4. Pick The Right Keywords
Your keyword strategy is going to be much more detailed when you are picking your keywords for an e-commerce website. Imagine if you had a general niche website.. you could target a wide range of keywords and pull in traffic that was interested in what your blog is about. If you have an e-commerce site and you are selling specific products you have to target only traffic that wants what you are selling.. not something similar.
Imagine if you have a website that sells blue balls. Only blue balls. No other color. You can’t target “balls” or “yellow balls” or “buy balls”.. every single keyword you go after has to be about blue balls. Even if you can rank other colors it is useless because the traffic will not convert.
You just have to get in the right frame of mind and think like the person searching for whatever items you are selling. Sticking with the example here are some possible keywords:
Buy blue balls
Buy blue balls online
Cheap blue balls online
Cheap blue balls website
Specials on blue balls
Discounted blue balls
…you get the idea. Your keywords need to be very specific to the product you are selling.. right down to the color, model number or size. Imagine if you were doing keyword research for a dress. You would want to be specific and include the designer, the color, and the size. Take time and come up with very specific keywords to go after.
5. Optimize Every Single Product Image
What else sells e-commerce products beside the descriptions? THE PICTURES! Most e-commerce websites will feature multiple images for every single products. Different angles.. highlighting features.. etc. Not only should you be using professional images but you also need to optimize every single image. If you have a lot of images it is very easy to get lazy and just bulk upload them all without optimizing them. Don’t do this. You miss out on all the image search traffic!
Every image should have an alt image tag that uses different long tail descriptions for each image. Think about how many people search for products online using Google’s image search. A lot! If someone is looking for a yellow sun dress and they pull up Google’s image search and type in “womens yellow sun dress size large” and your image (that is perfectly optimized and professional) shows up they are going to click on it and be taken to your website.. where they can then purchase the item.
Think about some of the largest e-commerce websites that are out there.. the ones that have 100,000 products and 10 images for each. That is 1 million images. Now think about how much traffic they can pull in just by properly optimizing their images.. now you begin to see the bigger picture. Don’t be lazy.. you will be leaving a lot of money and traffic on the table if you get lazy.

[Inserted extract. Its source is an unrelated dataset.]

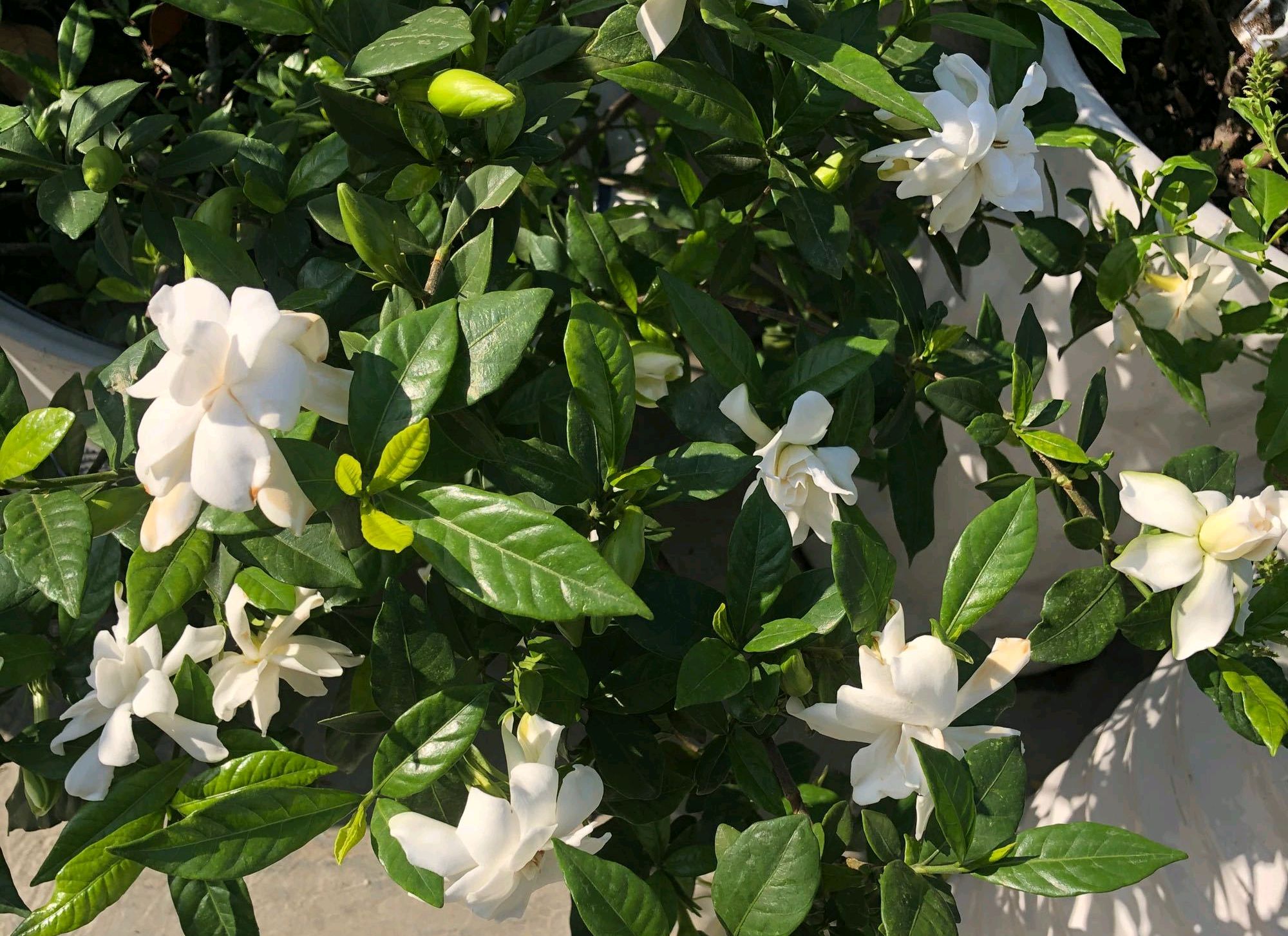 栀子花生桩高培多久可以退土,水培栀子花生根全过程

6. Constantly Run Broken Link Checks
Because e-commerce websites have so many individual product pages it is possible that you will have a broken link here and there. While a 404 page isn’t going to hurt your SEO if you set it up correctly they can hurt your bounce rate and push potential customers off your websites.
If you have a smaller e-commerce website there are some WP plugins that will monitor for broken links. If you have a huge e-commerce site with thousands of pages you might want to look into running a screaming frog report every couple of months to make sure everything is fine. Imagine if you discover that you have a couple dozen broken product links? That is lost money!
7. Watch Out For Duplicate Content Penalties
Most people reading this have some SEO knowledge and understand that duplicate content can ruin your day. Scraper sites that steal content will often get hit with a penalty and websites that copy content that has already been indexed can get nailed.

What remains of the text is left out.